For example I may want to strip out all the "CQI" and timing values to
get:

23, 00:00:40.450
22, 00:00:40.460
22, 00:00:40.460
23, 00:00:40.460
22, 00:00:40.460
24, 00:00:40.460
21, 00:00:40.470
22, 00:00:40.470

Question: These files can be very large and keeping the computer
resource overhead is important. I've looked at other threads on this
forum to decide which method of extracting data against timestamps would
be the quickest but the information has been conflicting.

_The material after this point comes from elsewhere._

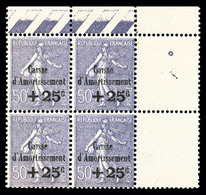 ** N°276a, SANS POINT SUR LE I D'AMORTISSEMENT Tenant à Normaux Dans Un Bloc De Quatre Coin De Feuille, SUP (certificat) - Unused Stamps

I understand that stream parsing is faster that DOM. I also understand
that libxml is faster than REXML, but libxml streaming uses DOM. So is
it safe to assume that REXMl streaming is faster than libxml streaming?

I also need to consider which way of things would be easier to
implement.
--
Posted via http://www.ruby-forum.com/.

From: brabuhr on
On Tue, Aug 10, 2010 at 9:53 AM, Jerome David Sallinger
<imran.nazir(a)yahoo.co.uk> wrote:
> Hello.
>
> I am working with some XML logs coming from a network simulator.
> My aim is to strip out the transient information concerning any given
> variable.
>
> For example here is some example data:
>[...]
>
> For example I may want to strip out all the "CQI" and timing values to
> get:
>
> 23, 00:00:40.450
> 22, 00:00:40.460
> 22, 00:00:40.460
> 23, 00:00:40.460
> 22, 00:00:40.460
> 24, 00:00:40.460
> 21, 00:00:40.470
> 22, 00:00:40.470
>
> Question: These files can be very large and keeping the computer
> resource overhead is important. I've looked at other threads on this
> forum to decide which method of extracting data against timestamps would
> be the quickest but the information has been conflicting.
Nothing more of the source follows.